** Available data follows **

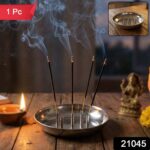 Stainless Steel Lotus Agarbatti Stand SIA-5 (1 Pc) - Image 2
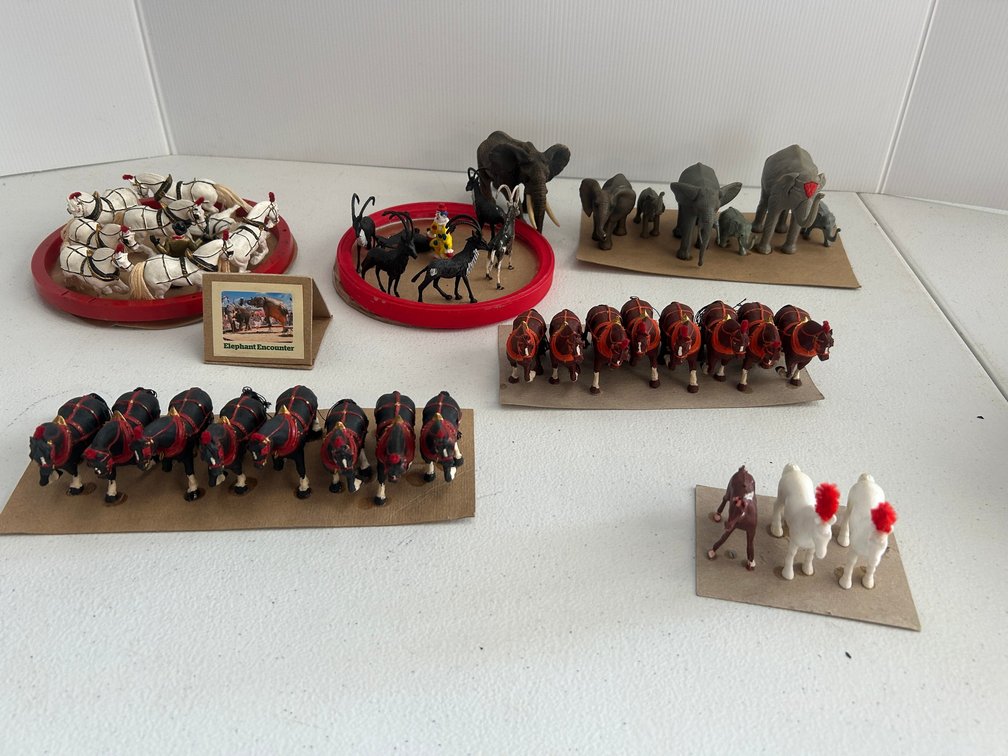 Selection of O Scale circus animals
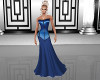Royal Blue Satin Gown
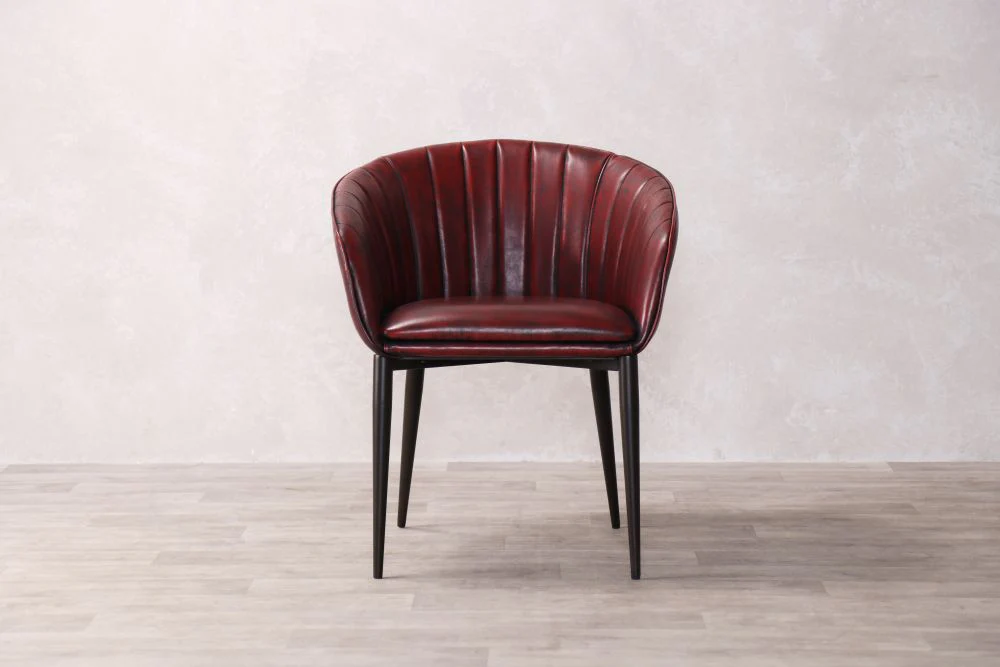 Sutton Faux Leather Curved Back Dining Chair - Image 18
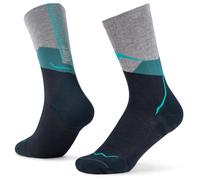 Buff- Socks LW Merino Wool Crew Lightweight, Hiking, Natural Resistance, Comfort, Cushioning, S, Blue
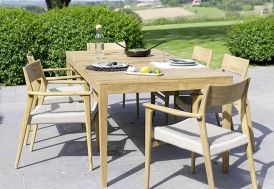 Salon de jardin haut pour 6 personnes de la marque Wilsa Garden modèle Calvi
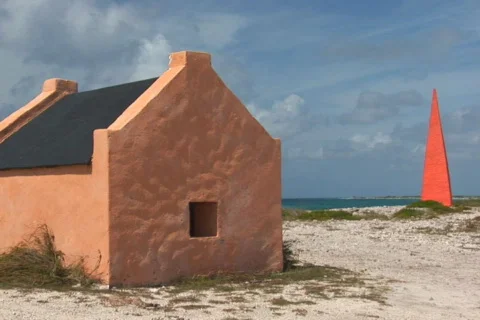 NTSC: Red Slave Huts Stock Footage 153502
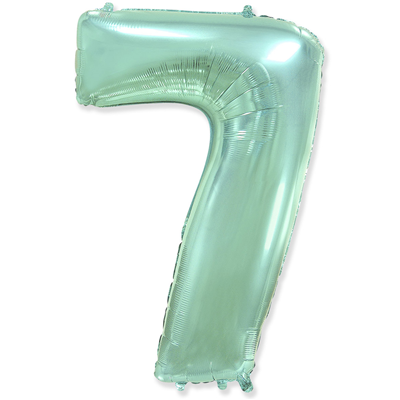 Ф ЦИФРА 7  40" Пастель Mint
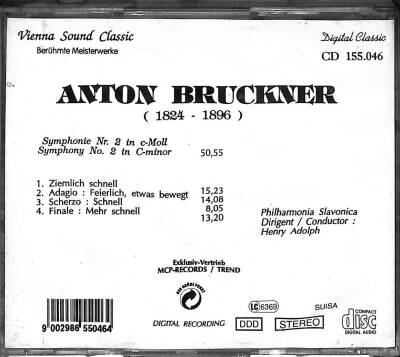 Anton Bruckner Symphony No.2 Symphonie Nr.2 (CD Sıfırdır) CD2873 - 8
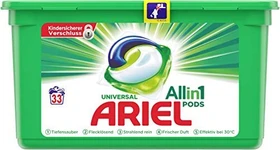 Ariel Universal Allin1 Pods Waschmittel, 33 Stück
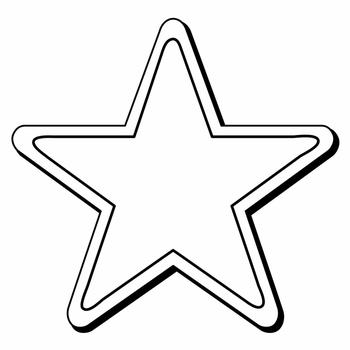 3x3.12 Custom Star Shaped Magnets 20 Mil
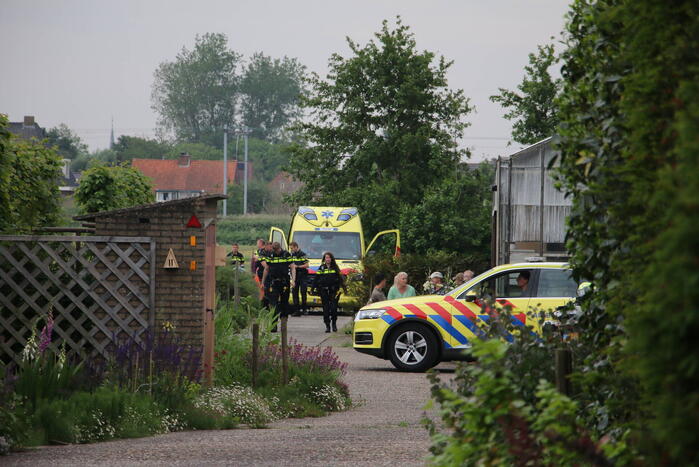 Persoon te water geraakt in Leidsche Trekvaart bij Tuinderij Buitenkans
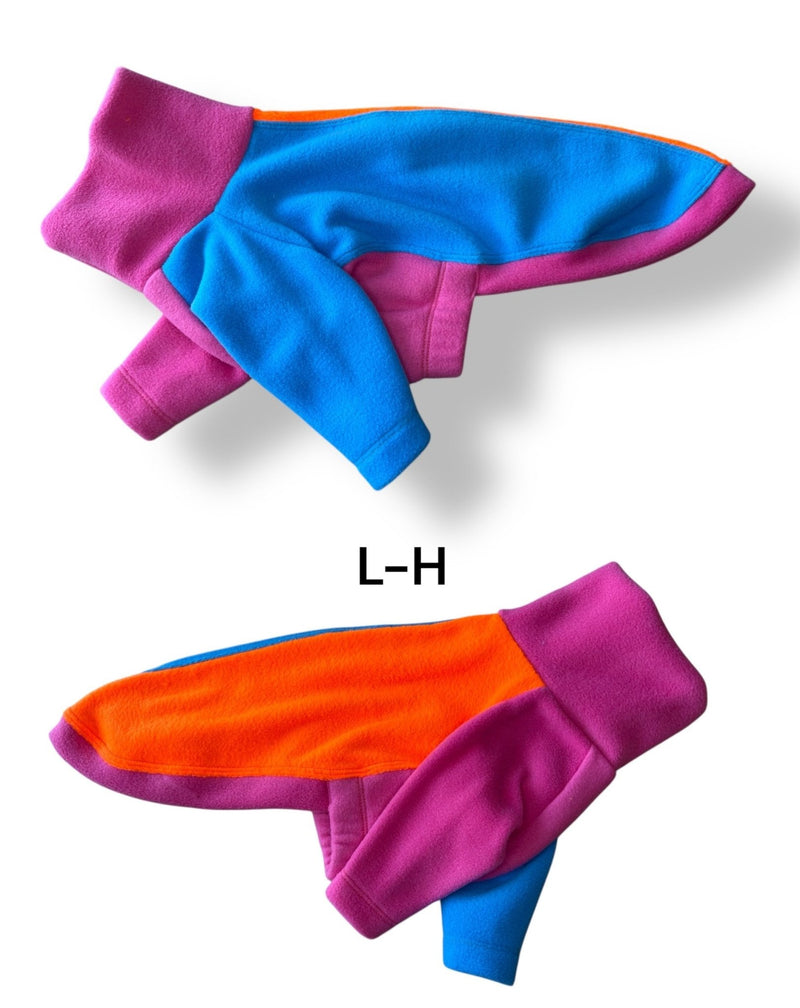 Load image into Gallery viewer, Fleece Jumper - Neon Colourblock - Ashurst Equestrian &amp; Country
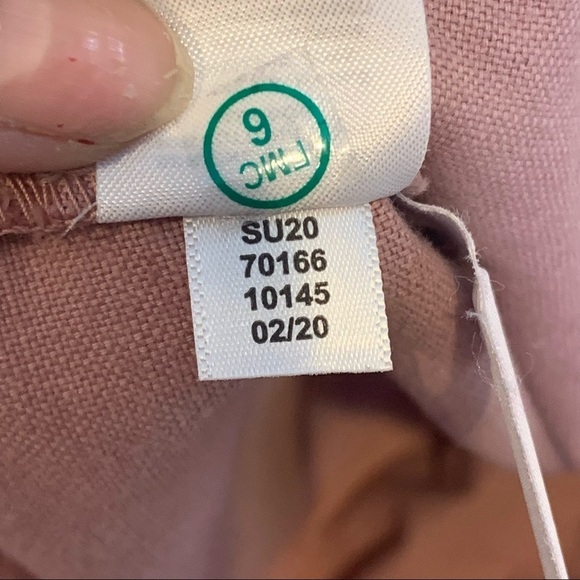 Loft Blush Pink Linen Blend Button Front Jacket Pockets Petites Size Small SP - Picture 5 of 9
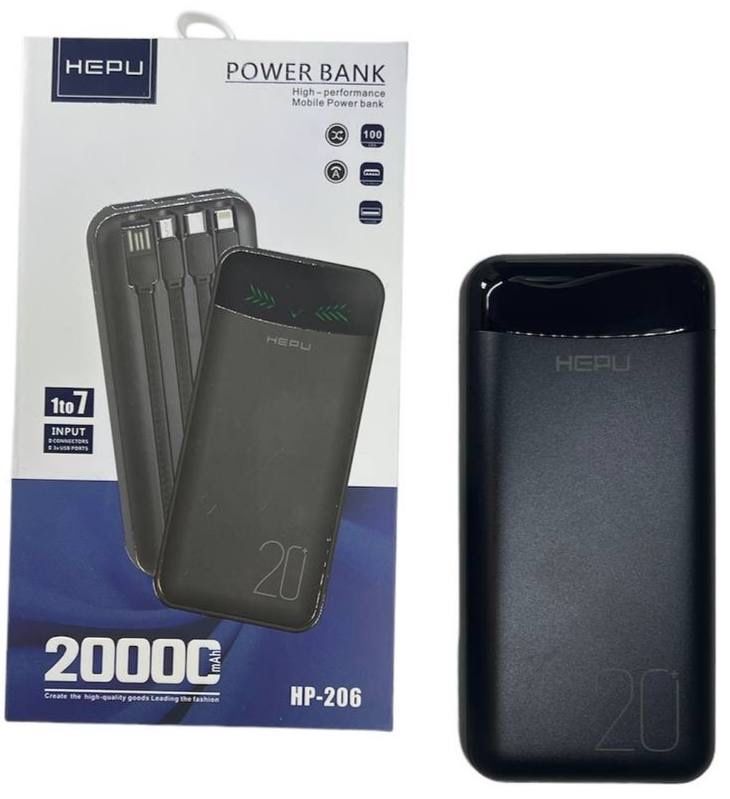 Power Bank 20000 mAh Remax RPP-166 Lango чорний/білий +ОПТ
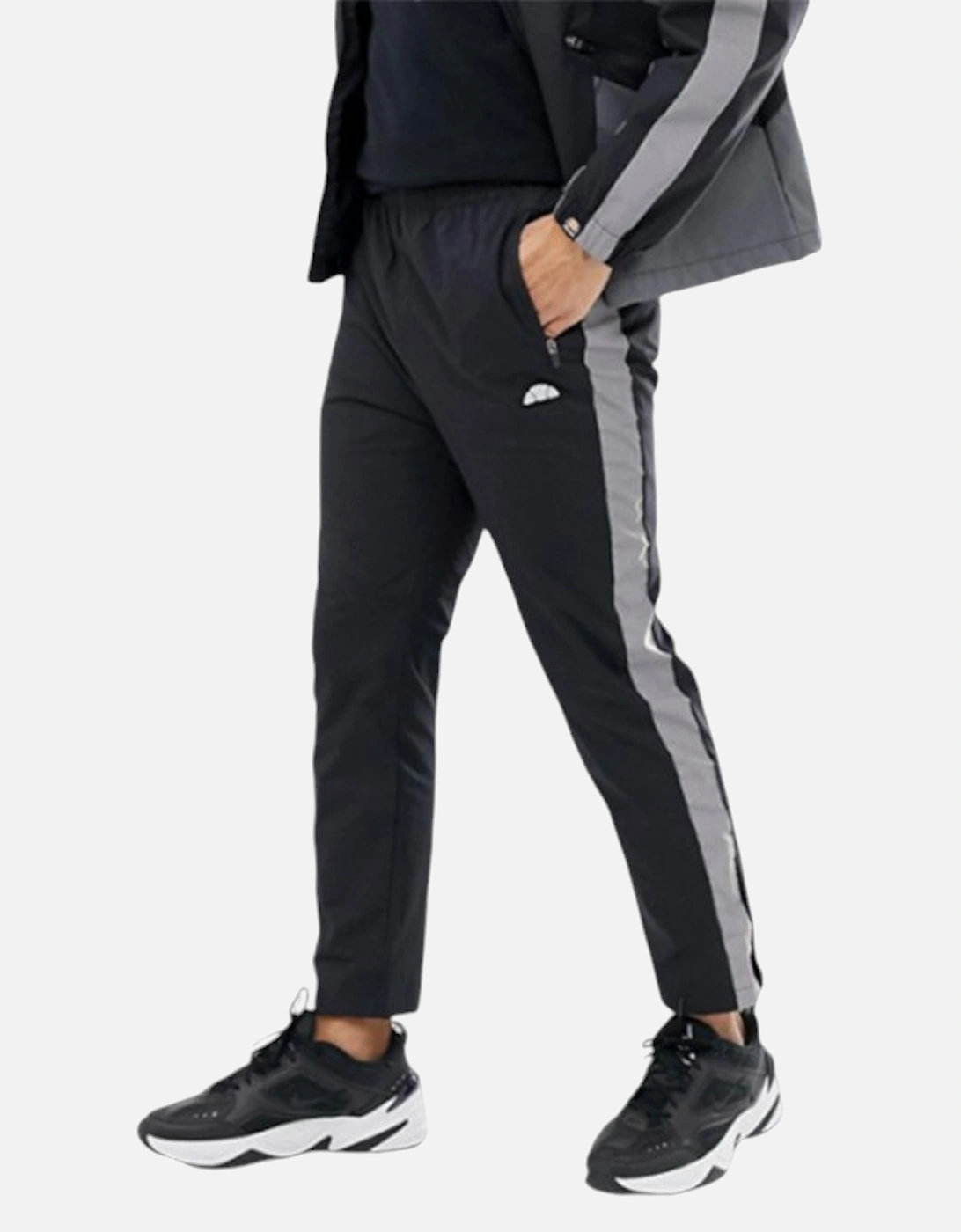 NARDO SWEAT SAS05914 Mens Tracksuits Bottom Gym Stripe Black Joggers M, 5 of 4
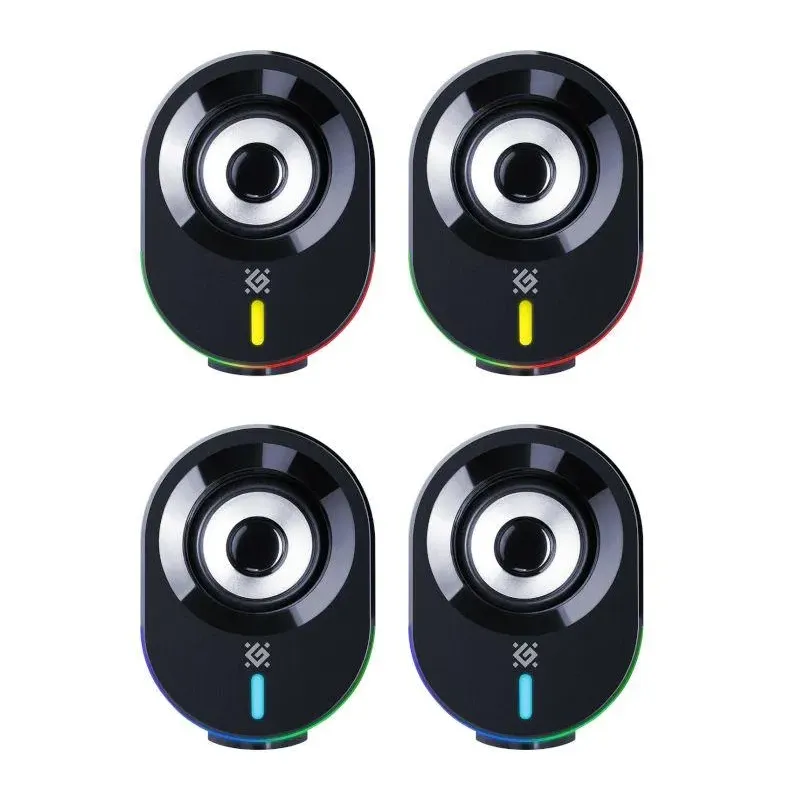 Głośniki Defender SOLAR 8 2.0 10W Bluetooth USB podświetlenie RGB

** End of Available data **

Goal of the exercise:
Drop the images, then copy the data exactly.

Exercise solution:
 Stainless Steel Lotus Agarbatti Stand SIA-5 (1 Pc) - Image 2
 Selection of O Scale circus animals
Royal Blue Satin Gown
 Sutton Faux Leather Curved Back Dining Chair - Image 18
 Buff- Socks LW Merino Wool Crew Lightweight, Hiking, Natural Resistance, Comfort, Cushioning, S, Blue
 Salon de jardin haut pour 6 personnes de la marque Wilsa Garden modèle Calvi
 NTSC: Red Slave Huts Stock Footage 153502
 Ф ЦИФРА 7  40" Пастель Mint
 Anton Bruckner Symphony No.2 Symphonie Nr.2 (CD Sıfırdır) CD2873 - 8
 Ariel Universal Allin1 Pods Waschmittel, 33 Stück
 3x3.12 Custom Star Shaped Magnets 20 Mil
 Persoon te water geraakt in Leidsche Trekvaart bij Tuinderij Buitenkans
 Load image into Gallery viewer, Fleece Jumper - Neon Colourblock - Ashurst Equestrian &amp; Country
 Loft Blush Pink Linen Blend Button Front Jacket Pockets Petites Size Small SP - Picture 5 of 9
 Power Bank 20000 mAh Remax RPP-166 Lango чорний/білий +ОПТ
 NARDO SWEAT SAS05914 Mens Tracksuits Bottom Gym Stripe Black Joggers M, 5 of 4
 Głośniki Defender SOLAR 8 2.0 10W Bluetooth USB podświetlenie RGB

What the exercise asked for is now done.